And actually, while I think about and before someone else points it out - I can think of examples of where people sell shares whilst reserving different aspects of ownership - non-voting shares, preference shares and so on.

I arranged to keep some freehold land - 6 little plots with strip houses in Birmingham - for my pension (am I greedy, should I have sold them ... and to who .... 30 years ago they were worth almost nothing, OR keep them and put my odd savings somewhere else and yes I worked in a place like Brookes Uni. so not well paid then but I digress...) - now I find that they are to be stolen from me for only a third of their value under the leasehold reform act.

So I have sold a couple previously to sitting leaseholders for a song! - fair doos the families had been living there for decades BUT recentlyI am being forced to sell at a third of their value a) one plot to the beneficeries of a dead man who never wanted to buy the land anyway and b) two more plots to a farmer who lives 90 miles away BUT only after he had sold them both at public action and waited 26 days to serve a notice to buy - which he cannot as he has sold them already but thats the law! ( the ethnicity of the purchaser of the two and his background opens a whole new can of worms ... which I suspect the readers of this blog would not support).

SO where did the money come well not from not thieving barons but my great aunt who married a hard-working dispensing chemist and for a 'hobby' or was it a pension or perhaps heaven-help-us a conviction, she paid a few pounds for some land to encourage new houses to be built, so now the 96 years of the 99 year leases are due, some b....d serves a notice forcing me to sell at one third their value - as far as I am concerned 'a deal is a deal' so they break a deal with government help, and you all deserve what you get! Even if the leaseholds have
been bought and sold by the 'landed' they always new that the deal was to return the land with (or without) the
house.

I'm not so sure I agree, Jock. Why shouldn't the landowner sell exactly the rights they want to sell. I don't want to be purist - leasehold reform is important because many domestic freeholds are bought up by scumbags who use bullying tactics to extract extra revenue.

But in this case the problem as I see it is simply that the retained interest in the land will go untaxed. With LVT the church would have to pay a fair portion, perhaps?

Hmmm, this raises an interesting point - I'm sure the LVT wonks have thought of it - but how should esoteric land interests be taxed.

If I own, say, the lapinage (the right to hunt rabbits) for 20 acres of land that is otherwise yours, should I pay some LVT on that?

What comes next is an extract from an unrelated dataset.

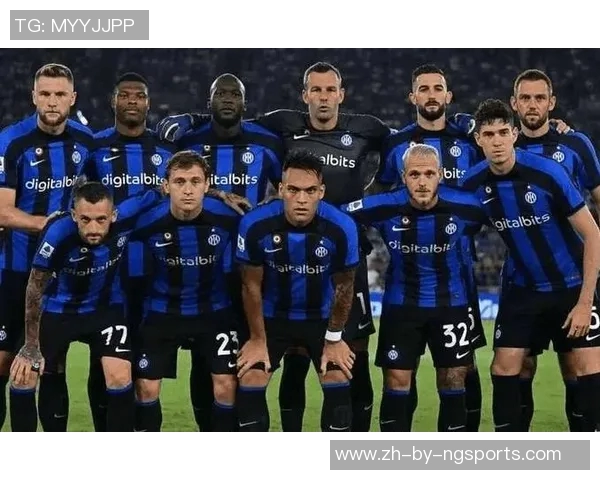 意甲罗马新赛季展望球队阵容与战术变化分析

Should there be a built-in incentive to get rid of some of these absurd esoteric rights that can only cause inefficiency and nuisance.

Since most of the landowners who seem to want to preserve some future interest in these esoteric ways are the remnants of those who just stole it, conquered it or were given it out from underneath the feet of those who worked it, I don't have a lot of sympathy with them.

Yes, I suppose, in a free market, one should be able to dispose of exactly what parts one wants to dispose of. But this was he main reason for me making the point - one of the commonest objections to LVT is that his land is mine, I paid for it" whereas the history of landholding in the UK has always been that they are a "bundle" of rights of which you don't necessarily own or trade the whole bundle, but parts of it.

Indeed at one point the "deed" was a bundle of sticks passed from one "owner" (from the same Anglo-Saxon root as "owe" incidentally, as in feu duty to the crown) to the next.

I just think the whole thing is barking mad. It is designed simply to line the pockets of lawyers into the future so far as i can see. Of course if there was an LVT, the need or desire of someone to hold onto development gains after they sold would be negated by the tax."